いつも全力投球。試合中、足がつっても、その足をひきずりながら走り続ける。密集には頭からガツンガツンと突っ込んでいく。ハートがあるのだろう、激しいプレーでチームを引っ張る。

192cm、105kg。タフである。みんなが疲れてくるラスト20分、大野の動きがガゼン、目立ってくる。

疲れないのか?

「そりゃ、人間だからしんどいですよ。でも僕がしんどい時は、相手もしんどいので。自分が動けば、もっとチームがラクになる。
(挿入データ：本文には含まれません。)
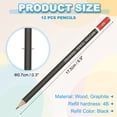 thumbnail image 2 of 2H Drawing Pencils for Sketching, 12PCS Sketch Pencils for Drawing Art Pencils Graphite Wood Pre-sharpened for Drawing Sketching Artists, Black Red, 2 of 6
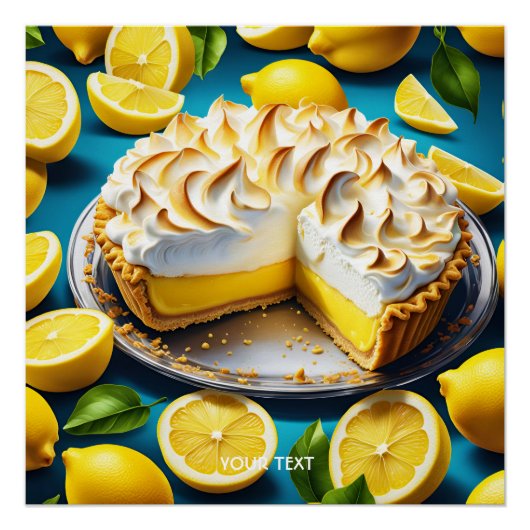 Fantasy Schattigee Vivid Lemon Meringue Pie Perfect Poster (Voorkant)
昔から、しんどい時に動かなくて負けたらホント悔しいだろうと思って、走っています」

ユニークな経歴である。福島県郡山市出身。高校時代までは野球に熱中し、日大工学部に進んでラグビー部に入った。全国的には弱小チームだった。でもひょんなことから、東芝ラグビー部のコーチを務めていた薫田真広さん(現・ラグビーW杯日本代表戦略室長)の目にとまり、いきなり日本のトップレベルの東芝に入ることになった。

東芝のトライアウト練習で肩を亜脱臼しながらも、弱音ひとつ吐かず、プレーを続けたのは有名な話だ。なぜ、タフなのか?

「頑丈なからだもありますが、この試合、勝ちたいと思うからです。試合が終わったあと、しんどかったから、ミスがあったから、と後悔しなくないんです」

W杯には、2007年大会、11年大会に出場した。11年の前回W杯では、日本の最終戦が終わった夜、ニュージーランドのネイピアの街の酒場で偶然一緒に飲んだことがある。その大会、日本は1分け3敗。大野はビールを片手にこう、漏らした。

「W杯にはオトコの生き様が出るのです。4年間、ふだんの練習だけじゃない。グラウンド外でも、どう自分を磨いているのかが、大事なんです」

モットーが『灰になっても、まだ燃える』。例え、燃え尽きても、まだ燃える。キンちゃんは走る。頭から相手FWにぶつかっていくのである。